Transfiguration, de Olivier de Sagazan, é um dos espetáculos mais instigantes, poéticos e perturbadores que alguma vez assisti. No entanto, o tentame de estabelecer esta apreciação sobre bases racionais pode revelar-se ainda mais incomodo que a própria performance.
TRANSFIGURATION
Olivier de Sagazan Por Caplan NevesIniciámos sob deliberada forma ritual, facilitado pelo canto rítmico, que nos envolve em sua cadência repetitiva, intensificada por frases enigmáticas e por movimentos e sons bruscos, incómodos e imprevisíveis das unhas e da argila contra as placas de metal, enquanto Sagazan desenha formas semicirculares em torno de si. Cobre então, progressivamente, a face com argila branca, o qual se converte numa extensão do próprio corpo, agora maleável a transfiguração. Nesta fase, público e performer comungam um estado espiritual e emocional que propicia a experiência partilhada que então se segue.

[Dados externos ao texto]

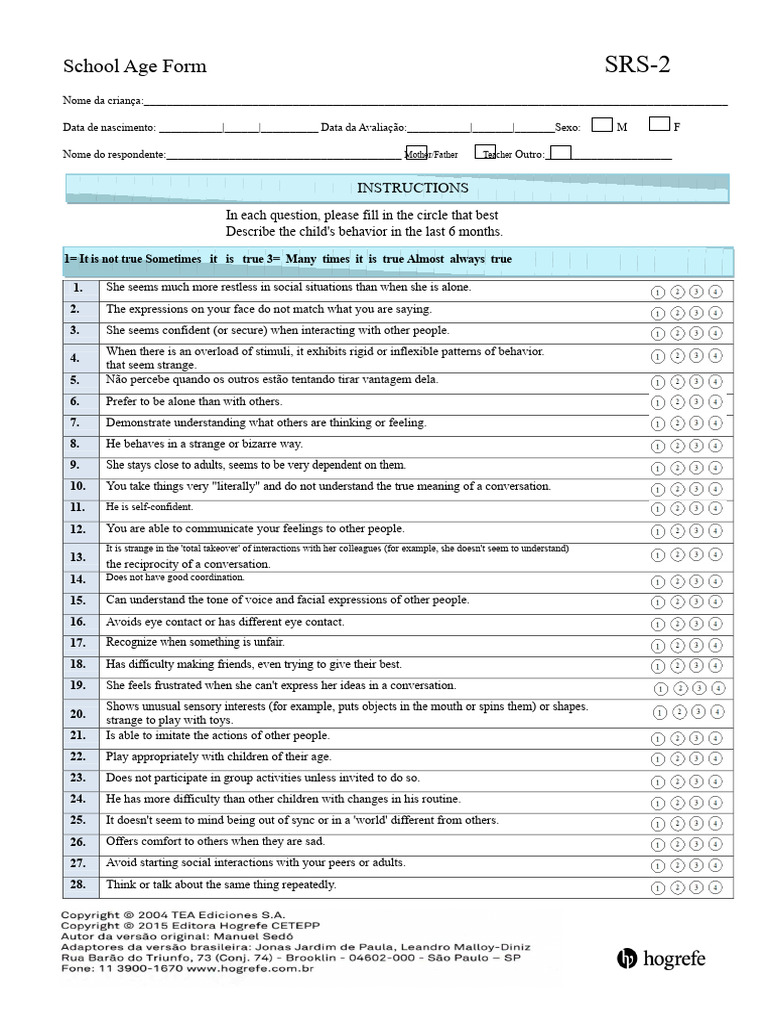 School Age Behavior Assessment Form | PDF | Cognition | Social Psychology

Ao enterrar se sob a argila, Sagazan força o corpo a trabalhar sobe a cegueira e a privação, propiciando o surgimento de formas vivas que emergem quando o corpo é forçado à situação estrema. A experiência preceptiva coagula se então em torno de um irresistível ensaio de horror e poesia de formas monstruosas, simultaneamente perturbadoras e comoventes: figuras divinas, formas animalescas, seres fantásticos, criaturas monstruosas. Através da substância maleável e húmida no/do rosto, Sagazan se faz porco, ave, mulher, monstro, demónio, uma cabeça sem face, várias faces, uma face que se descoagula, vários olhos, um ventre que infla, violento esventrar de um ventre, arte viva. O milenar sonho de conceber e dar vida à matéria inerte e sob múltiplas formas, seja humana, animal, divina, diabólica, se concretiza quando Sagazan oferece o próprio corpo em sacrifício e à possessão. Uma meta-performance que desnuda a natureza última das artes performativas: o corpo que se converte em objeto artístico. A energia eletrizante da performance resulta da imprevisibilidade e aleatoriedade das formas, movimentos e sons; o perturbador desfile de imagens impassíveis compreensão narrativa; da monstruosidade das criaturas deformadas, assimétricas (olhos demasiado próximos e pequenos, bocas desproporcionais) que provocam um certo tipo de experiência visual que redescoberta da perceção do rosto; do uso chocante das cores que inspira decomposição, sangramento, enfermidade. Estes elementos imprimem sob o espetador emoções intensas, das quais não é possível compreender coerentemente sua direção na medida que vagueiam simultaneamente entre o repugnância e o encanto, o horror e o humor, a poesia e a brutalidade.
Temos em parte a sensação de que a forma, natureza e intensidade da experiência guarda semelhanças com rituais religiosos, onde um irresistível estímulo leva o participante ao colapso emocional e sugestionabilidade intensa talvez reside aqui o fascínio quase consensual que a performance inspira. Esta é, pois claro, apenas uma sensação, que não pretende sequer uma aproximação a solução do enigma da Transfiguration.
Reside no mistério e na indecifração, o fascínio e a perturbação comovente que Transfiguration inspira. A performance é, não raramente, uma disciplina artística particularmente permeável a propostas tão pomposas quanto vazias De resto, obras de rara qualidade artística são, por definição, raras. Ê sabe pa kaga, de vez enquanto, encontrá las.